Neuvillalais. Le méridien de Greenwich traverse de part en part la petite commune de Neuvillalais. Sa trace visible devant l’église du village est matérialisée au sol par une bande réalisée en pavés qui coupe la rue principale dite rue du Méridien, en diagonale (cf. nos photos ci-dessous). À « dé-crypter » aussi les informations sur « Le culte de Neuvillalais pendant et au sortir de la Révolution » à l’intérieur de l’église.


[1] Hypsométrie : étendue respective des différentes zones d’altitude d’une région.
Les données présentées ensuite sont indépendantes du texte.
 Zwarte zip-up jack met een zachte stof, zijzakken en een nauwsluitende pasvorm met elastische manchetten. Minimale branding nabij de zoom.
[2] Après la fusion des deux sociétés d’origine (Aérowatt et JMB Énergie), mi-2013, elles deviennent Quadran Energies Libres, qui deviendra Quadran Groupe Direct Energie en 2017 et enfin Total Quadran en 2019. Pour autant, le groupe Total n’est par un parangon de vertu, ni en matière de production d’énergie ni au niveau fiscal dans son pays d’élection ! Sa production et ses choix industriels restent massivement d’origine fossile (surtout à l’international). Responsable de 0,9 % des émissions mondiales de gaz à effet de serre (GES), en 2018 le groupe pétrolier a investi « 9,2 milliards de dollars dans la production d’hydrocarbures et [seulement] 0,5 milliard dans le secteur bas carbone » (gaz et énergies renouvelables réunis). D’ailleurs, des associations et des collectivités envisagent d’assigner prochainement le groupe Total pour « une prise en compte insuffisante du risque climatique » eu égard à la loi de février 2017 obligeant les entreprises de plus de 5 000 salariés à publier un plan conséquent de réduction des risques environnementaux.
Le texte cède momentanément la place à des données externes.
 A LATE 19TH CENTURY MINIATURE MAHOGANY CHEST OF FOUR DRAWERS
Patrick Pouyanné, PDG de Total, a lui même récemment rappelé (le 14 janvier 2020) que « les énergie fossiles représentent aujourd’hui 90 % du mix énergétique mondial et qu’on ne va pas faire disparaître tout cela d’un seul coup de baguette magique ».  Surtout, s’il a financièrement intérêt à se hâter lentement si l’on en croit cet aveu délivré dans la foulée : « Ce que les actionnaires veulent assurer, c’est surtout la durabilité des dividendes » ! La messe est dite ! Green washing ? capitalisme vert ? les deux ?

[3] Le permis de construire avait été octroyé en décembre 2015 par la préfète de la Sarthe Corinne Orzechowski. L’entreprise Saméole (Samfi-Invest) qui porte le projet estime que son parc pourrait alimenter l’équivalent de plus de 9 000 foyers (hors chauffage électrique) et d’éviter l’émission de près de 17 000 tonnes de CO2 ».


Crédit photos : amalgame photos de SdN 72. En bas à droite, la photo des deux parcs éoliens vus de la butte de Vinay sous les châteaux d’eau.

Addendum : du fait de la pandémie du coronavirus ce parc n’a finalement été officiellement inauguré qu’à peine une dizaine de mois après sa mise en service, soit, le jeudi 1er octobre 2020.